═════ Data records ═════
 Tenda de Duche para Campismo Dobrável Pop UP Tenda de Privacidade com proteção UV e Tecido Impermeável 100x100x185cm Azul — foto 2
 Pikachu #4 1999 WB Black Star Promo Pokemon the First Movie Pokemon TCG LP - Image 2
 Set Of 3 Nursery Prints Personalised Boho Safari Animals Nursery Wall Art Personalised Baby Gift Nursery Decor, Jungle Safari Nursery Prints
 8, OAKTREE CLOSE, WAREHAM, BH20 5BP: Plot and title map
═════
═════ Data records ═════
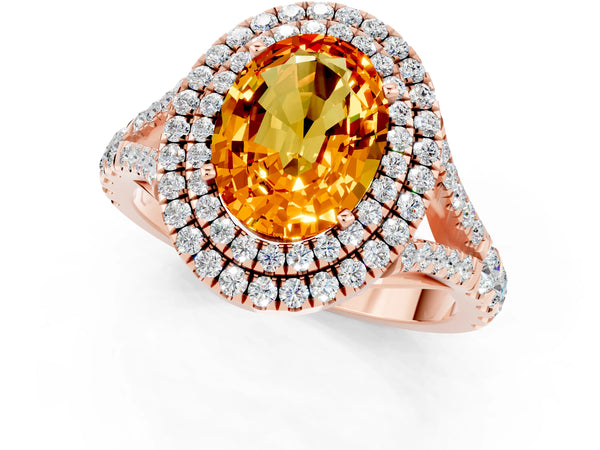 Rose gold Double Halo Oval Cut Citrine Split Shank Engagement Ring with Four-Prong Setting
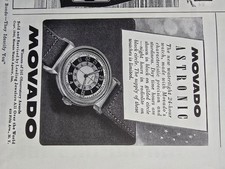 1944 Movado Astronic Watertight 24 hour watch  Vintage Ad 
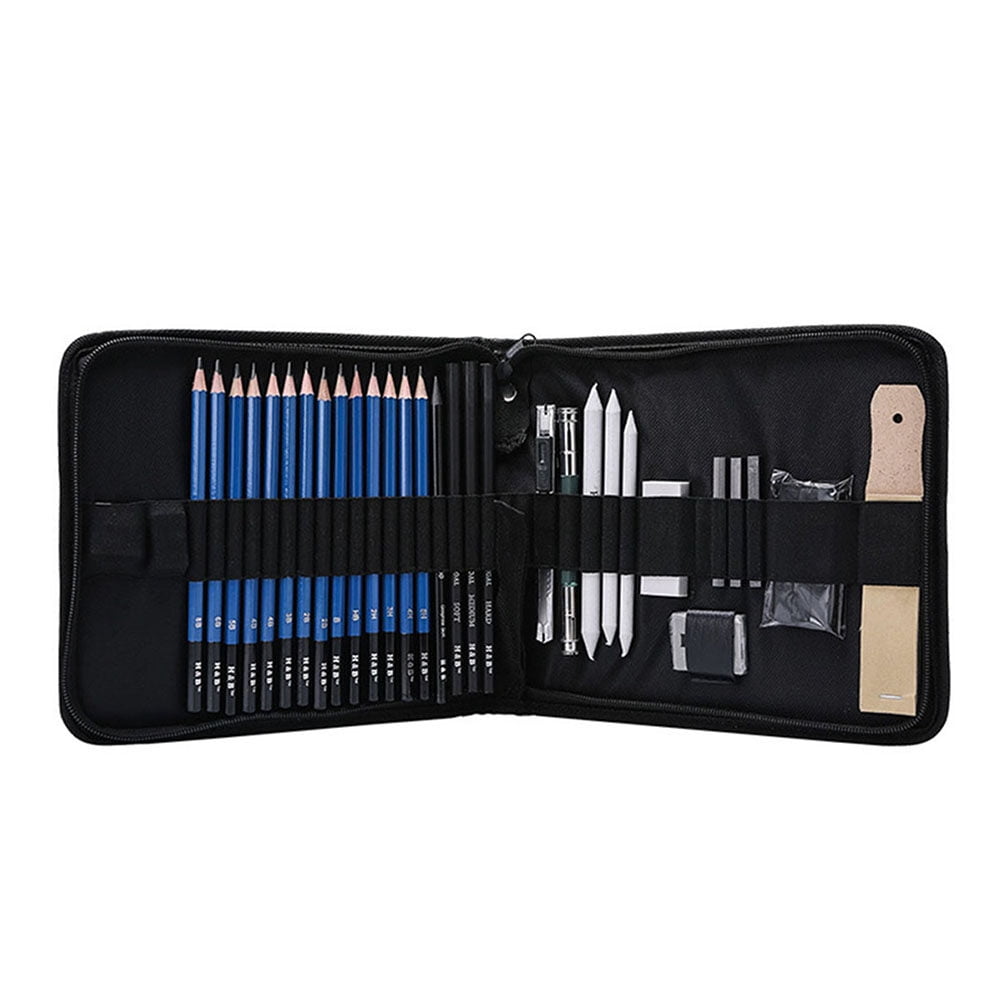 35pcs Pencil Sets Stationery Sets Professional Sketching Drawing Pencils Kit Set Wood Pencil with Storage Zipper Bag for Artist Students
═════
Instructions for the task: Output the material above exactly, but only from the line that carries "Tenda de Duche" through the line that carries "Set Of 3 Nursery".

Output below:
 Tenda de Duche para Campismo Dobrável Pop UP Tenda de Privacidade com proteção UV e Tecido Impermeável 100x100x185cm Azul — foto 2
 Pikachu #4 1999 WB Black Star Promo Pokemon the First Movie Pokemon TCG LP - Image 2
 Set Of 3 Nursery Prints Personalised Boho Safari Animals Nursery Wall Art Personalised Baby Gift Nursery Decor, Jungle Safari Nursery Prints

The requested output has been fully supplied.